Re: How to tackle Vector->NamedVector and back conversion

2010-04-25 Thread Robin Anil
I think It changed after Jeff commit his code. It was there earlier.


On Mon, Apr 26, 2010 at 12:24 AM, Sean Owen  wrote:

> Where though, I just deleted all the methods to try it and every test
> passes.
>
> On Sun, Apr 25, 2010 at 7:51 PM, Robin Anil  wrote:
> > Its used in clustering to generate clusterid -> point id. Also to be used
> in
> > classification(by end of this summer) to keep class labels.
>


Re: How to tackle Vector->NamedVector and back conversion

2010-04-25 Thread Sean Owen
Where though, I just deleted all the methods to try it and every test passes.

On Sun, Apr 25, 2010 at 7:51 PM, Robin Anil  wrote:
> Its used in clustering to generate clusterid -> point id. Also to be used in
> classification(by end of this summer) to keep class labels.


Re: How to tackle Vector->NamedVector and back conversion

2010-04-25 Thread Robin Anil
On Mon, Apr 26, 2010 at 12:17 AM, Sean Owen  wrote:

> I agree that it'd be good to kind of finalize the Vector stuff. I
> don't think it's reasonable for users to expect data output by 0.3 to
> be compatible with 0.4 though, so wouldn't worry about that.
>
> I think we're on the verge of wanting a proper serialization system
> like Avro for vectors here -- but not quite. About 3 flags describe
> any vector: denseness, sequential access-ness, and whether it has a
> name, if you want to unify that too. A simple byte of bit flags seems
> not so bad, if that's about as complex as this will ever get.
>
> What about label bindings, which I brought up earlier?
> Actually, I cannot find where labels are used except in tests. They're
> not serialized or cloned consistently. Are these used? Seems like the
> reason to package them together would be serialization but that's not
> it.
>
Its used in clustering to generate clusterid -> point id. Also to be used in
classification(by end of this summer) to keep class labels.

>
> On Sun, Apr 25, 2010 at 4:36 PM, Robin Anil  wrote:
> > Let more comments come in before tearing it down. This affects
> everything.
> > We *have to *get it right by the next release, not necessarily today or
> > tomorrow. Or that would kind of kill the whole 0.3 users. Once fixed, we
> can
> > provide a convertor to convert to the new representation.
>


Re: How to tackle Vector->NamedVector and back conversion

2010-04-25 Thread Sean Owen
I agree that it'd be good to kind of finalize the Vector stuff. I
don't think it's reasonable for users to expect data output by 0.3 to
be compatible with 0.4 though, so wouldn't worry about that.

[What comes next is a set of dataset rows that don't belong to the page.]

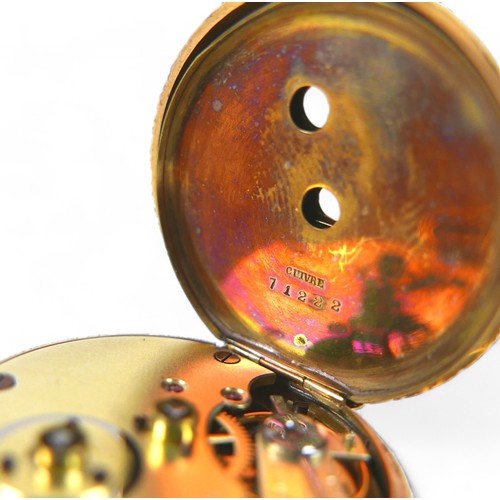 155 - An 18ct yellow gold open face pocket watch, 38mm case, base metal dust cover, movement marked C-TIN ... 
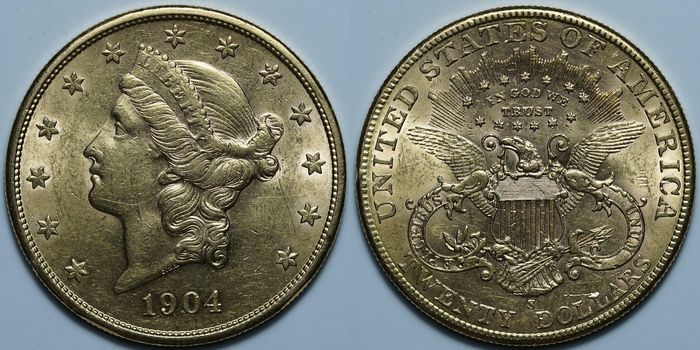 20 долларов 1904 S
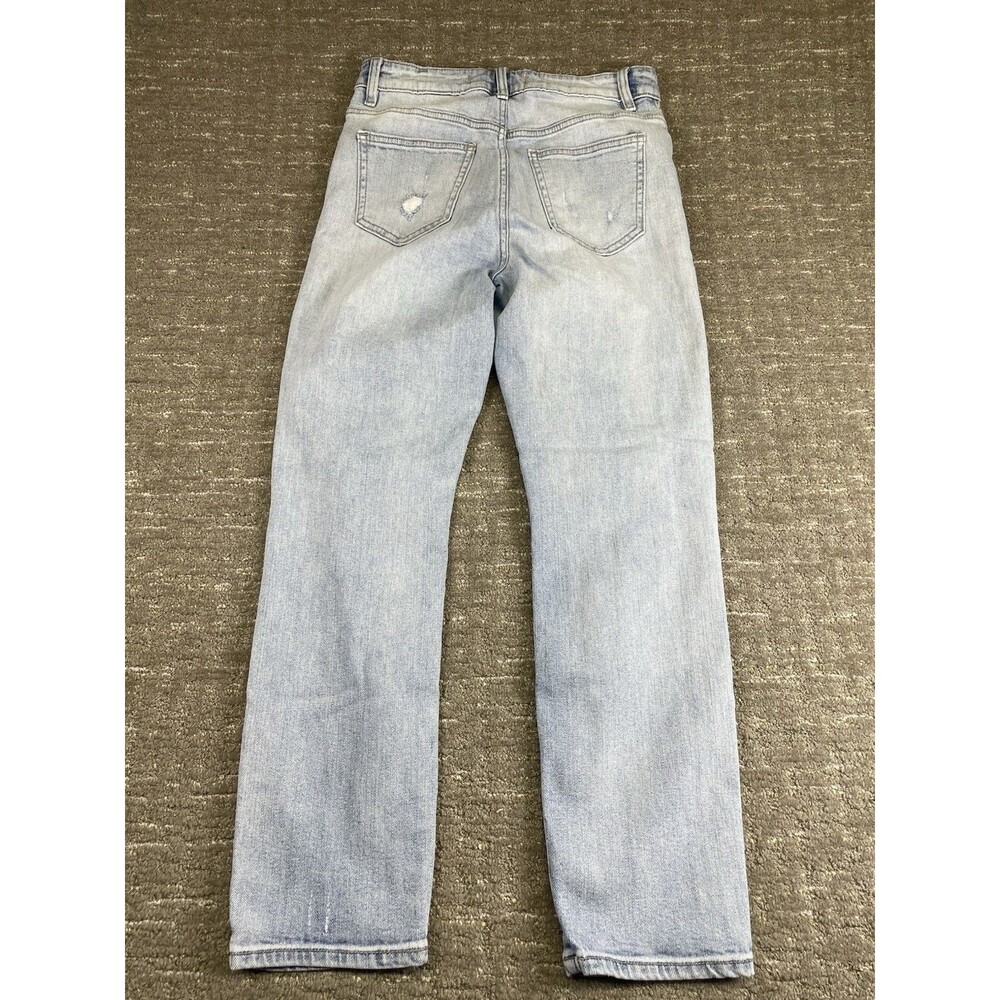 Eunina Tori women’s size 5 high rise mom Jean, crop light wash distressed jeans - Picture 2 of 11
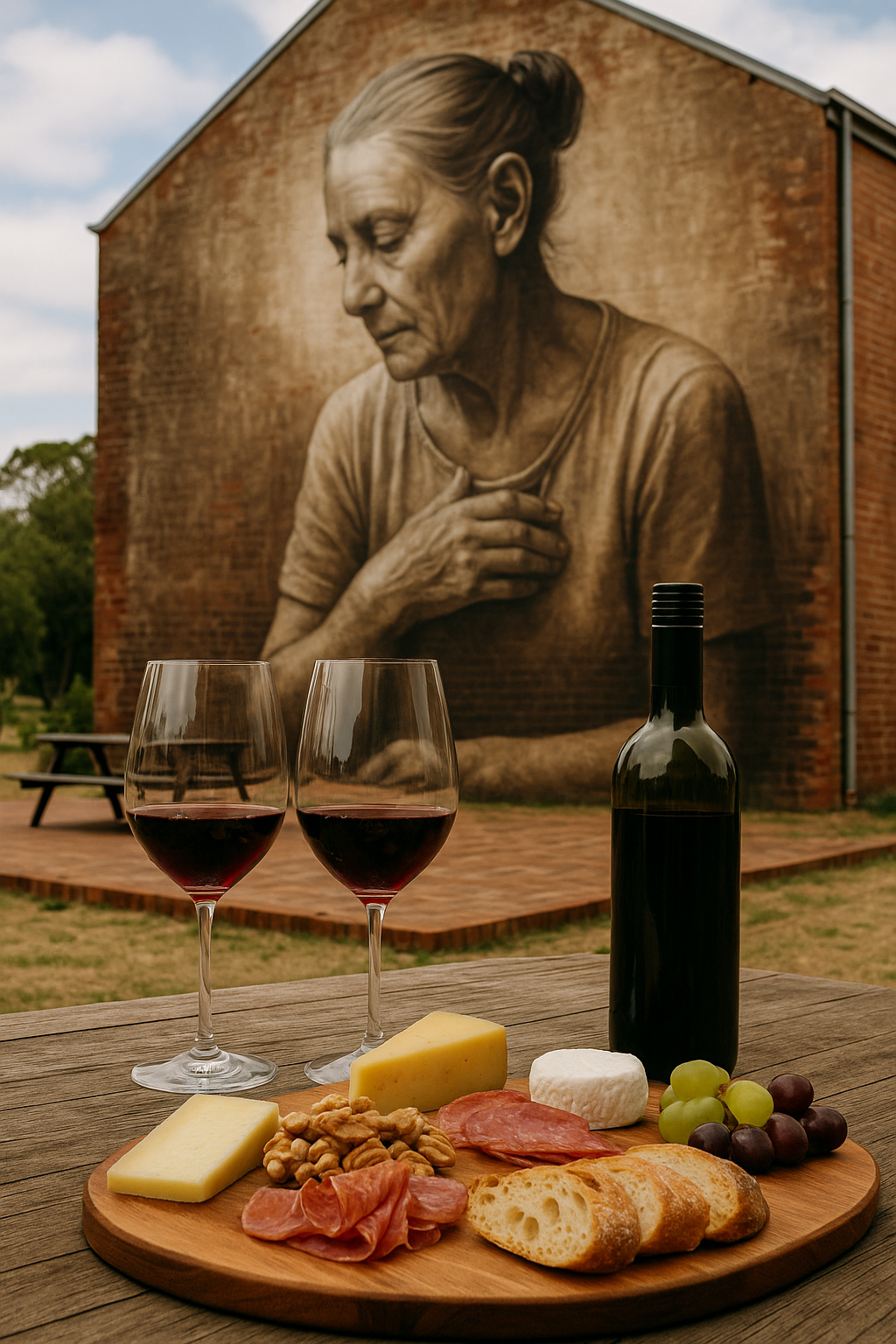 Wine, cheese, and local produce set on a rustic table with a mural artwork in the background at Wellington Dam, capturing the gourmet and artistic essence of Western Australia’s South West.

I think we're on the verge of wanting a proper serialization system
like Avro for vectors here -- but not quite. About 3 flags describe
any vector: denseness, sequential access-ness, and whether it has a
name, if you want to unify that too. A simple byte of bit flags seems
not so bad, if that's about as complex as this will ever get.

What about label bindings, which I brought up earlier?
Actually, I cannot find where labels are used except in tests. They're
not serialized or cloned consistently. Are these used? Seems like the
reason to package them together would be serialization but that's not
it.

On Sun, Apr 25, 2010 at 4:36 PM, Robin Anil  wrote:
> Let more comments come in before tearing it down. This affects everything.
> We *have to *get it right by the next release, not necessarily today or
> tomorrow. Or that would kind of kill the whole 0.3 users. Once fixed, we can
> provide a convertor to convert to the new representation.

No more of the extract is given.